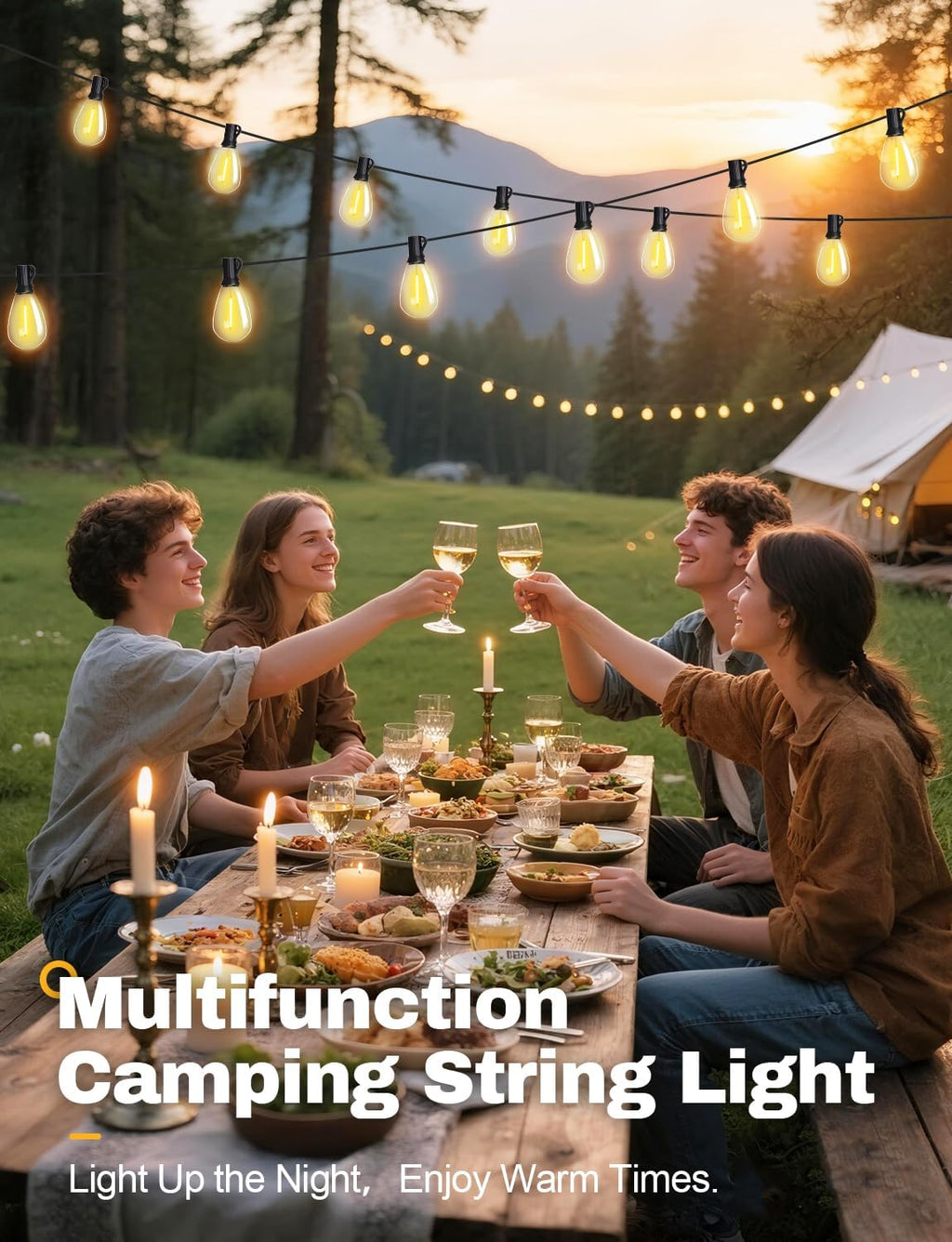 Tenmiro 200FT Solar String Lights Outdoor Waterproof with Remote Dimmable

* * *

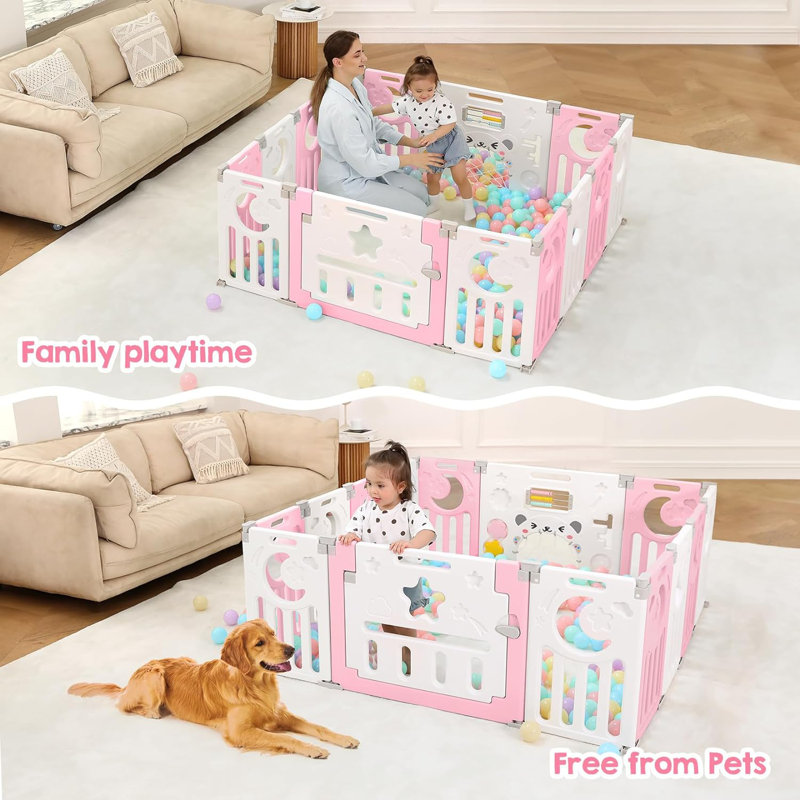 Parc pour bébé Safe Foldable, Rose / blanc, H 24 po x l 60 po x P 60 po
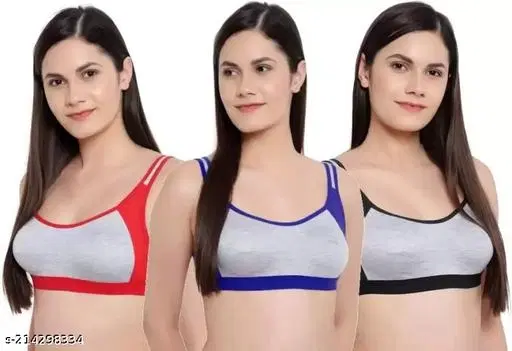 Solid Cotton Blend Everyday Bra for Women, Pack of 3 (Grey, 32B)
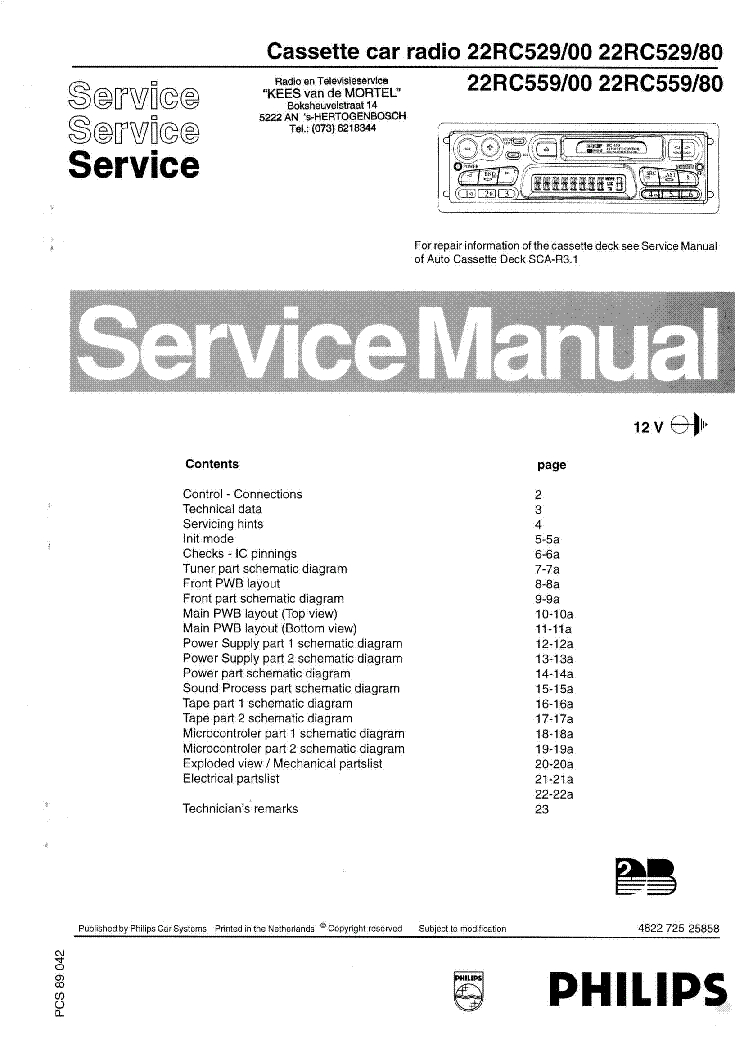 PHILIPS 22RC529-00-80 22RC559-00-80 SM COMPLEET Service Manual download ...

**Action item**
Above are some entries. Restate word for word the lines from the one holding "Solid Cotton Blend" through the one holding "PHILIPS 22RC529-00-80 22RC559-00-80", but not the pictures.

**Written solution**
 Solid Cotton Blend Everyday Bra for Women, Pack of 3 (Grey, 32B)
 PHILIPS 22RC529-00-80 22RC559-00-80 SM COMPLEET Service Manual download ...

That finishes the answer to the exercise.